All that space. The trees that rush by so quickly they’re nothing but an impressionist painting. Hours in the car without a destination. The Simpsons skies in the front, interrupted only by overhead bridges carrying people elsewhere into thousand directions, into thousand different lives. The wind, frivolously playing with one’s hair. Four open car windows plus air conditioning, and me completely inoculated from the draft in this far away world. The music. The absence of music. 180 degree exits into towns, and the easiness with which one can get un-lost. Yearnings to get lost. Hot, humid, draining East Coast sun that makes you feel you are a fisherman in a town without people. The slight stink of the sea, for one is never too far from the sea on the East Coast. And America of the East Coast is where I feel the most comfortable in America.
Today, while you patiently wait for me to gather my thoughts, pull up my pants, and scratch my ramblings of the highways into the safe safes of my mind, we do saffron shrimp. This saffron shrimp sauce is a recipe I got from a Bosnian woman who lived in Belgium and worked in a Portuguese restaurant. I wonder in which places in Belgium Sarajevo stared at her.
I see America everywhere in Sarajevo.
If in doubt when making this saffron shrimp sauce, get yourself more shrimp and add a little more heavy cream. You can never have too much as far as I’m concerned. The sauce is simple and seriously good tasting. The shrimp gives it a lightness that can only come from seafood. (Another favorite is the white wine seafood risotto, hake aka European cod with the classic potato salad, and finally there are the breaded Dalmatian calamari. Just don’t make me help you choose!) Meanwhile, the saffron gives it a splash of new, almost honeydew-ish taste. The splash of lemon juice, added at the very end, intensifies and seals the taste in.Print
- 16 ounces shrimp (frozen)
- 1 box of pasta (spaghetti or tagliatelle)
- 5 tablespoons olive oil
- 2 garlic cloves (large)
- 1/2 teaspoon saffron
- Pepper and salt to taste
- 1 lemon (juice only)
- 8 ounces heavy cream
- Take the shrimp out about 30 minutes before making the sauce.

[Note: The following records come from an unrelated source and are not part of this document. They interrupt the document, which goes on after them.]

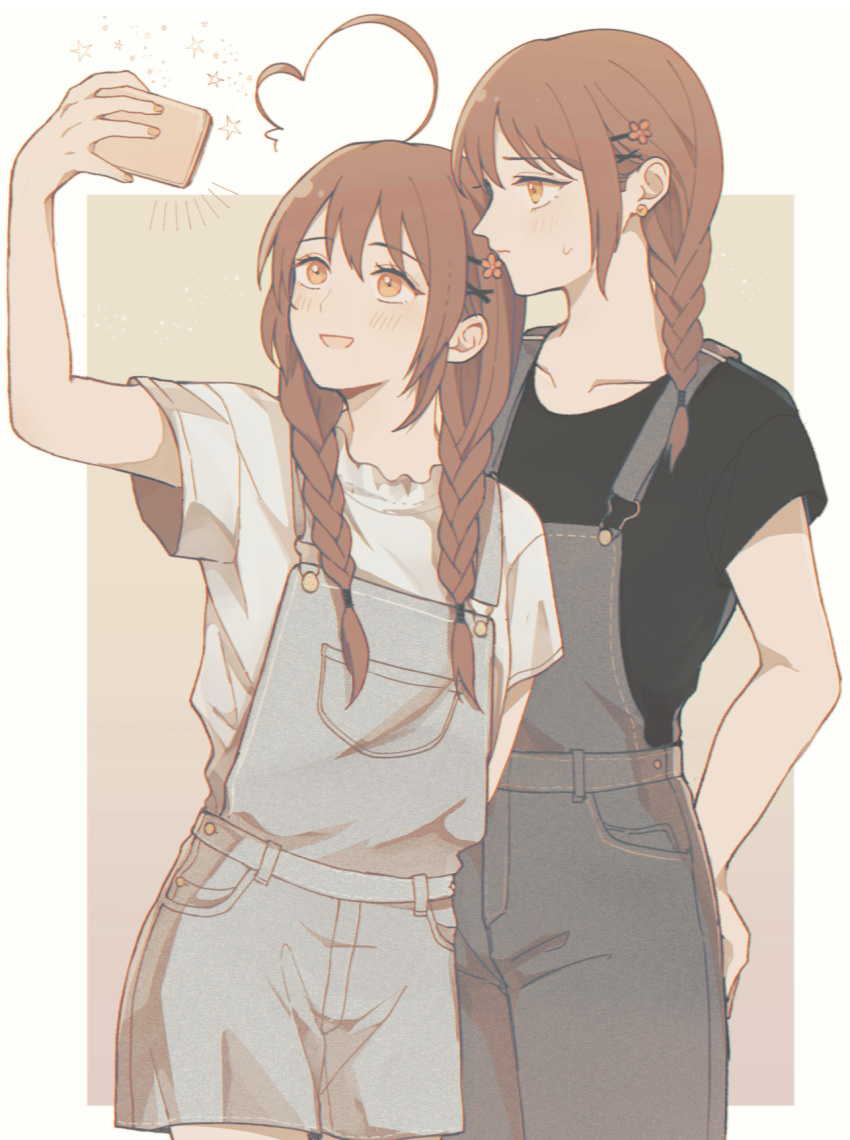 2girls, 5ya_ngi, :d, ahoge, alternate_hairstyle, axis_powers_hetalia, bare_arms, black_shirt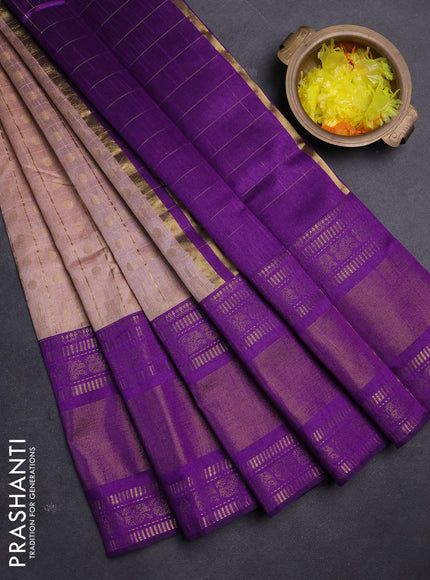 Semi dupion saree pastel pink and violet with allover zari checks & buttas and long rettapet zari woven border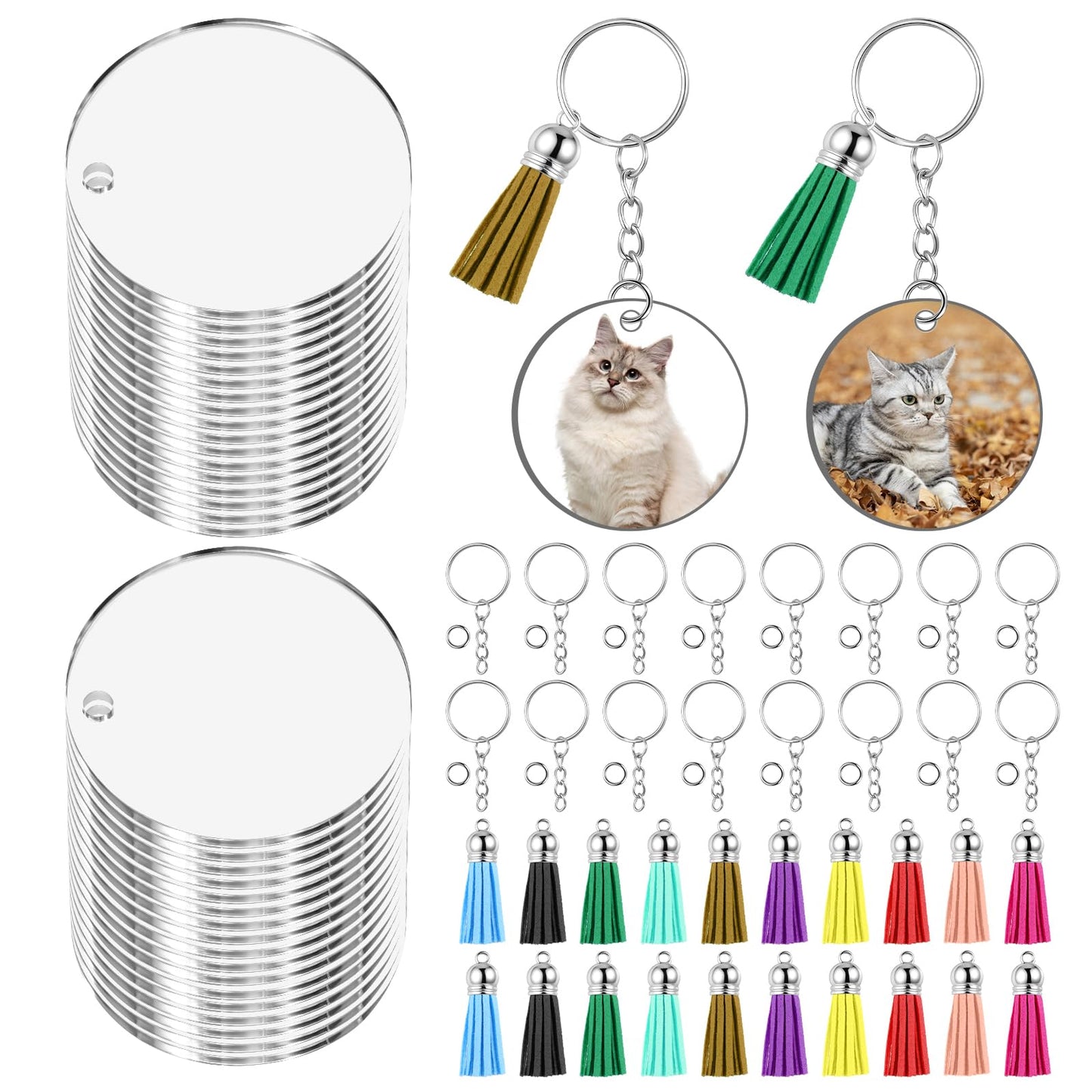 SHENLIU 320 Pcs Acrylic Keychain Blanks Kit, 2 Inch Round Double-Sided Clear Acrylic Blanks with Tassels Key Rings Jump Rings for DIY Keychain Making Sublimation Craft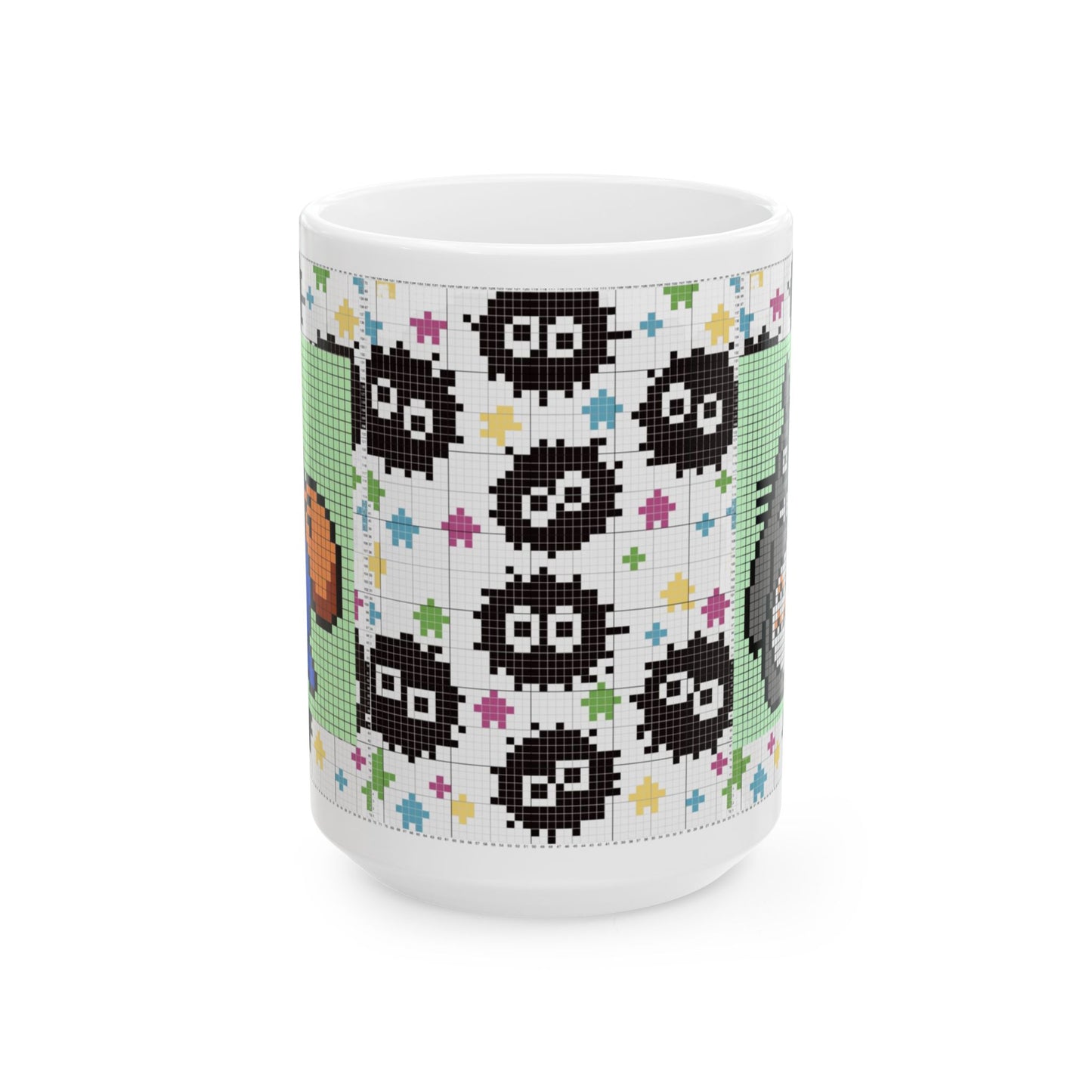 My Neighbor Totoro Pixel Mug – Studio Ghibli Retro Anime Cup 11oz & 15oz – Cute Pixel Art Coffee Gift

- Cook pasta based on box directions.
- Parallel to pasta, heat olive oil on medium. When hot, add the shrimp in. Sizzle for 1.5-2 minutes on each side.
- Mince garlic and add to the shrimp together with all the seasonings. Stir, and top everything with heavy cream. Bring to low and stir. Simmer for 4-5 minutes then remove off heat. Pour lemon juice in and stir again.
- Serve over pasta.
Total cook time will vary depending on pasta. Shrimp sauce is ready in 10 minutes.